Fitzmaurice (as he then was) distinguished himself in the battles of Minden and Kloster Kampen. While still abroad, he was returned on 2 June 1760 for the seat at Chipping Wycombe which his father had held until created a British peer. In the new reign, in December 1760, aged 23, Fitzmaurice was made a colonel and aide-de-camp to the King: letters from him to Bute written in 17597 point to an earlier connexion between them. To quote his autobiography once more, ‘it has ... been my fate through life always to fall in with clever but unpopular connexions’.8 On his return to England he became the link between Bute and Fox; and, with Fox for prompter and mentor, he assisted Bute in preparations for the general election of 1761: prodded him to act, primed him with information to use in arguments with Newcastle,9 and transmitted to him offers of seats and suggestions with whom to fill them. Among Fitzmaurice’s papers at Bowood is a list of the parliamentary representation of England and Wales at the end of 1760, annotated by him with remarks concerning the dominant interests in the constituencies, the candidates, their chances, etc.; and among George III’s papers at Windsor a list of Members, torn out of an almanac for 1760, is interleaved with blank pages on to which Fitzmaurice’s remarks are copied by the King. There is also at Bowood a list of ‘ministerial boroughs’, of ‘venal boroughs’, and of contests at the general election. A great deal of the information must have come from Fox, as did most of Fitzmaurice’s suggestions for Bute’s intervention in English elections: it was through Fox that George Selwyn offered the two seats at Ludgershall to Bute, and the candidates, Whately and Paterson (the latter solicitor both to Fox and Fitzmaurice) were presumably their joint choice. At Hindon the initiative came undoubtedly from Fox, who, had old connexions with the borough, but William Blackstone was Fitzmaurice’s candidate. Again at Midhurst and Dunwich, discussed in Fitzmaurice’s letters to Bute, Fox was the election manager.

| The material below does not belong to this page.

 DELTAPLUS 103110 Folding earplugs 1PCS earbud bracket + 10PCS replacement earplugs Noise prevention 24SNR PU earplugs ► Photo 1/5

Fitzmaurice himself, re-elected without contest, succeeded to the peerage half a year before the Parliament of 1761 met in regular session, and thus passes beyond the purview of this work except for influence exercised vicariously, in the first place through Members returned for the three seats under his control, one at High Wycombe and two at Calne. His choice of Members outside his family circle is significant: Barré, John Calcraft, Dunning, James Townsend, Lord Mahon, and Jekyll—except for the last, each a remarkable, though not necessarily a pleasant personality; a selection unequalled by any other borough patron during the period.

Created Marquess of Lansdowne in 1784, he died 7 May 1805.

Ref Volumes: 1754-1790

Author: Sir Lewis Namier


  • 1. Walpole to H. S. Conway, 12 Nov. 1774.
  • 2. Description given to Wm. Knox by Rich. Sutton, who had served under Shelburne 1766-1768, HMC Var. vi. 283.
  • 3. Bentham, Works, x. 117.
  • 4. Walpole, Last Jnls. ii. 441.
  • 5. Diaries Corresp. i. 25.
  • 6. Fitzmaurice, Shelburne, i. 12-13, 70.
  • 7. Bute mss.
  • 8. Fitzmaurice, op. cit. 13.
  • 9. Namier, England in Age of American Rev. 143, 144, 152, 172.